About ESGL Holdings Limited
ESGL Holdings Limited is a Singapore-based carbon-neutral enviro-tech company dedicated to transforming industrial waste into circular products. With a commitment to sustainable waste management solutions, ESGL is a leading player in the environmental solutions industry. ESGL conducts all its operations through its operating entity incorporated in Singapore, Environmental Solutions (Asia) Pte. Ltd. For more information, including the Company’s filings with the SEC, please visit https://esgl.asia.
Investor Relations Contact:
ESGL Holdings Limited
Investor Relations Department
Email: ir@esgl.asia
Phone: +65 6653 2299
Forward-Looking Statements
Certain statements in this press release may be considered to contain certain “forward-looking statements” within the meaning of “safe harbor” provisions of the Private Securities Litigation Reform Act of 1995. Forward-looking statements can be identified by words such as: “target,” “believe,” “expect,” “will,” “shall,” “may,” “anticipate,” “estimate,” “would,” “positioned,” “future,” “forecast,” “intend,” “plan,” “project” and other similar expressions that predict or indicate future events or trends or that are not statements of historical matters.

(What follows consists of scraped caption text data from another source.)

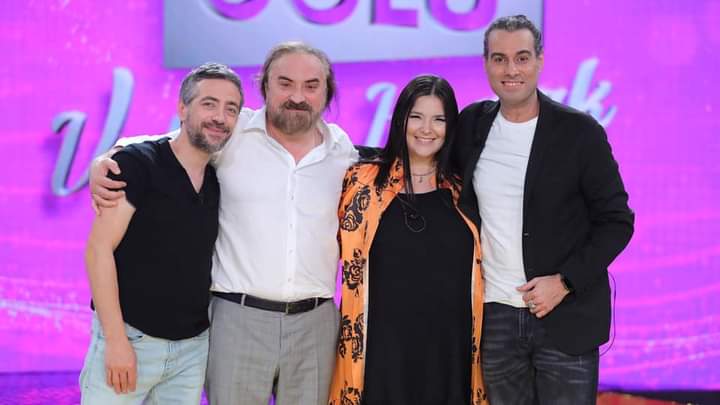 Nağmelerin Efendisi: Haktan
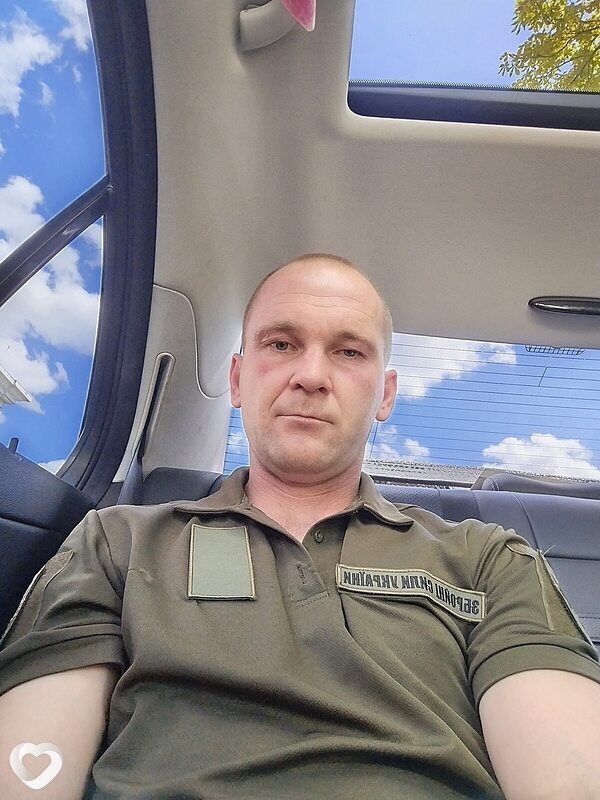 Андрей, 39, Харькове — анкета №132136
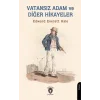 Vatans?z Adam ve Di?er Hikayeler [Paperback] [Dec 23, 2024] Edward Everett Hale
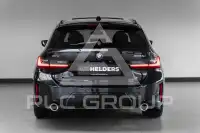 2023 BMW 330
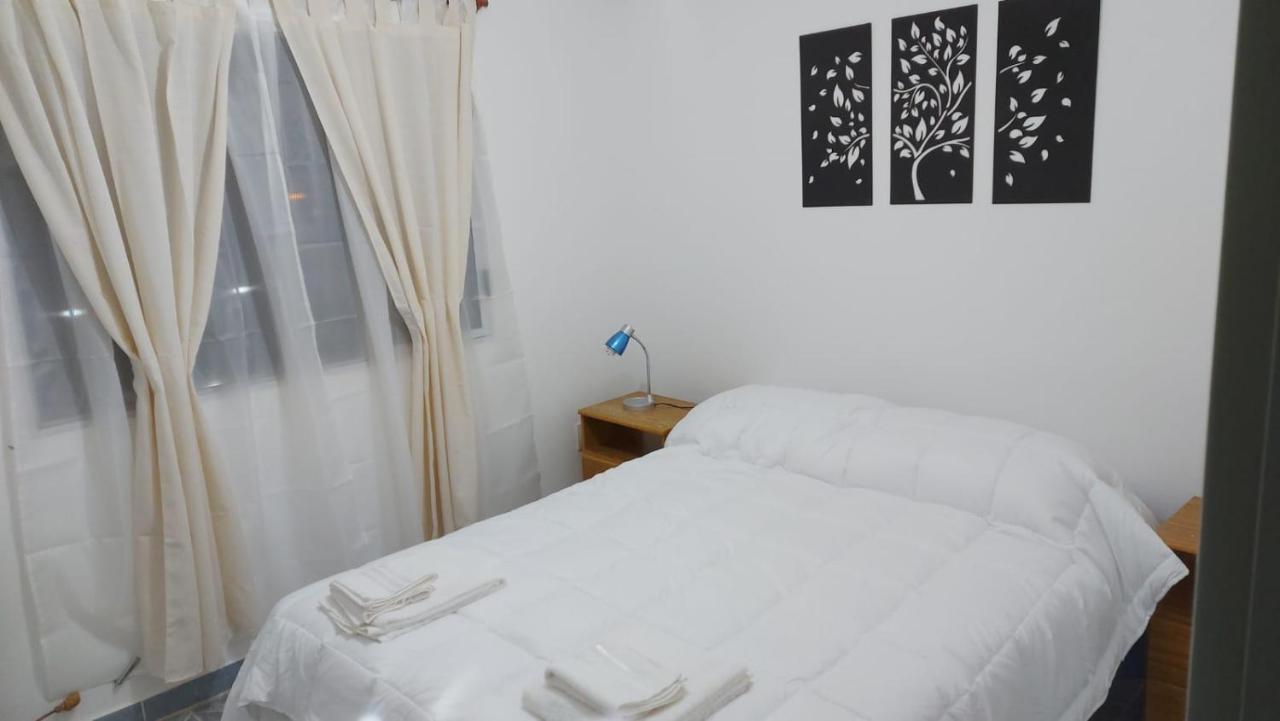 Apartment Kelfu Aike Planta Baja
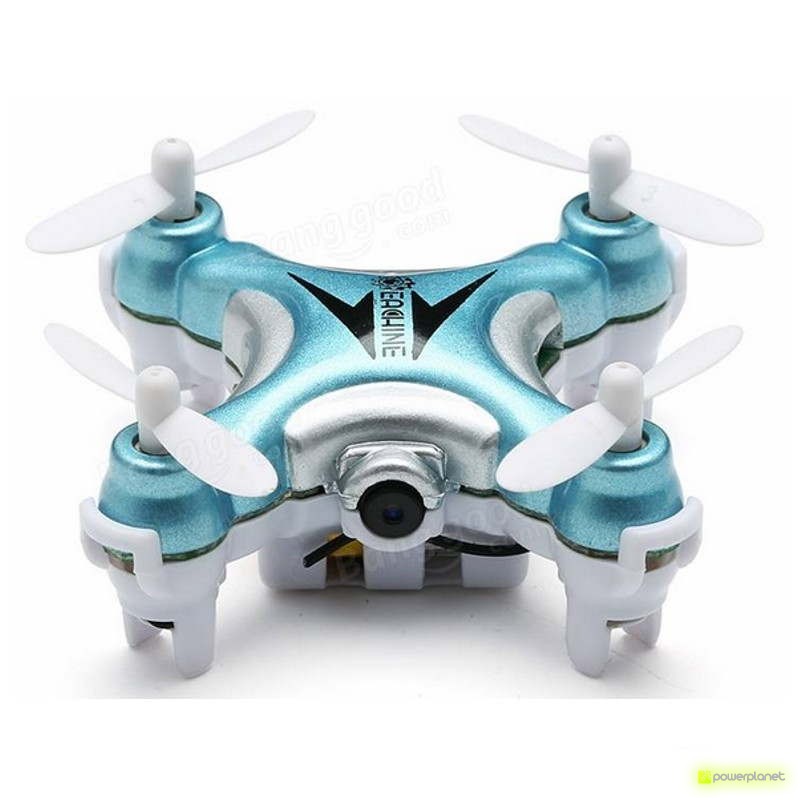 Eachine E10W Mini FPV - Item2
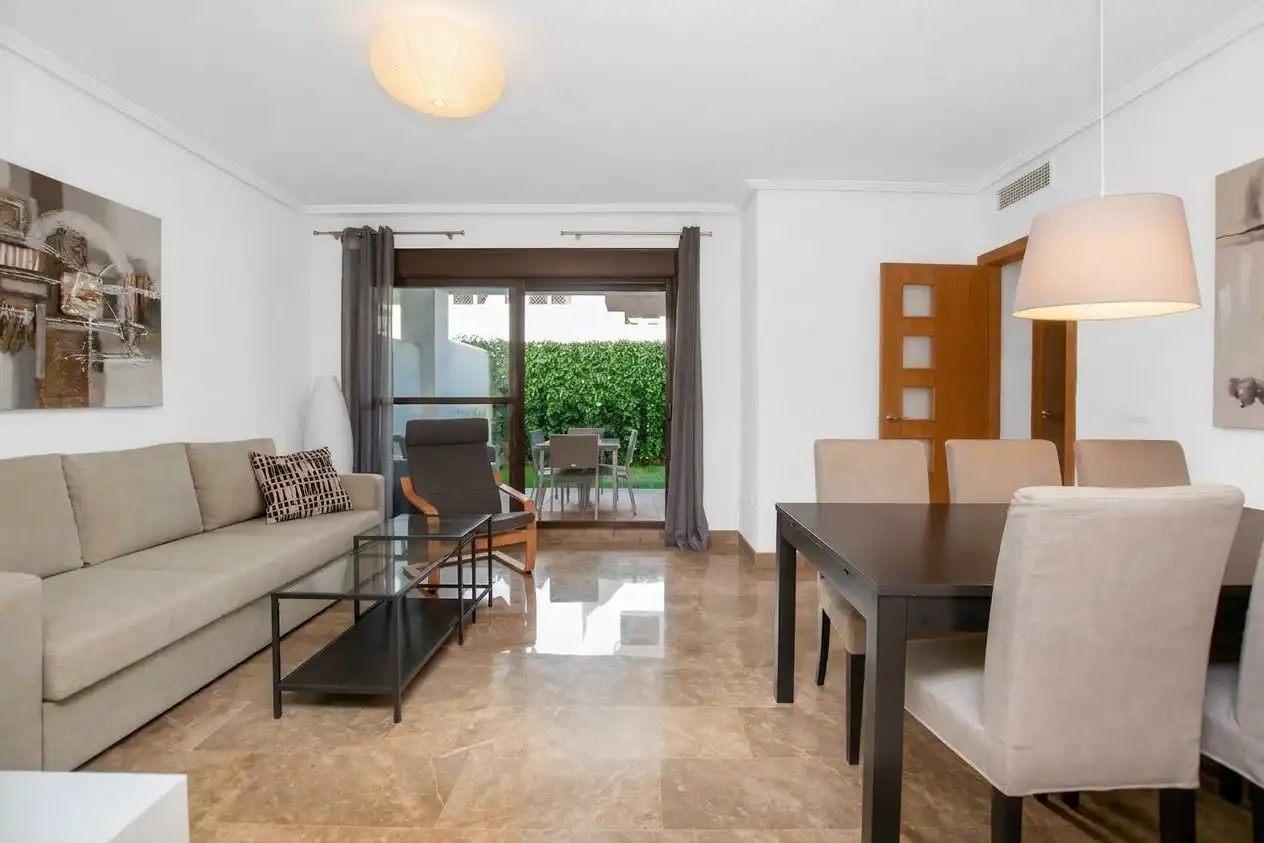 Apartament amb terrassa de lloguer a 8 Urb. Camino La Resinera #Es:9 Planta:03 Pt:C, imagen 2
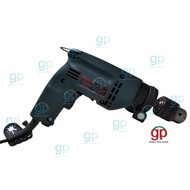 METABO SBE505 R+L MESIN BOR 13MM SBE 505 R+L IMPACT DRILL MADE IN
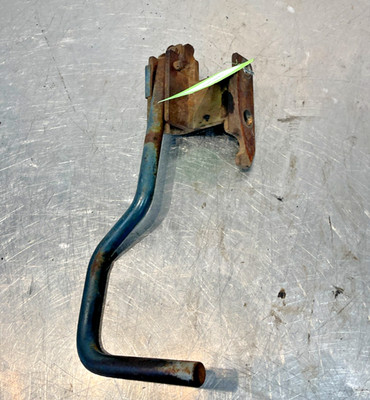 Kubota L245DT Tractor Differential Diff Lock Pedal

Forward-looking statements are neither historical facts nor assurances of future performance. Instead, they are based only on ESGL management’s current beliefs, expectations, and assumptions. Because forward-looking statements relate to the future, they are subject to inherent uncertainties, risks, and changes in circumstances that are difficult to predict and many of which are outside of our control. Actual results and outcomes may differ materially from those indicated in the forward-looking statements. Therefore, you should not rely on any of these forward-looking statements.
A further list and description of risks and uncertainties can be found in documents filed with the Securities and Exchange Commission (“SEC”) by ESGL and other documents that we may file or furnish with the SEC, which you are encouraged to read. Any forward-looking statement made by us in this press release is based only on information currently available to the Company and speaks only as of the date on which it is made. The Company undertakes no obligation to publicly update any forward-looking statement, whether written or oral, that may be made from time to time, whether as a result of new information, future developments, or otherwise, except as required by law.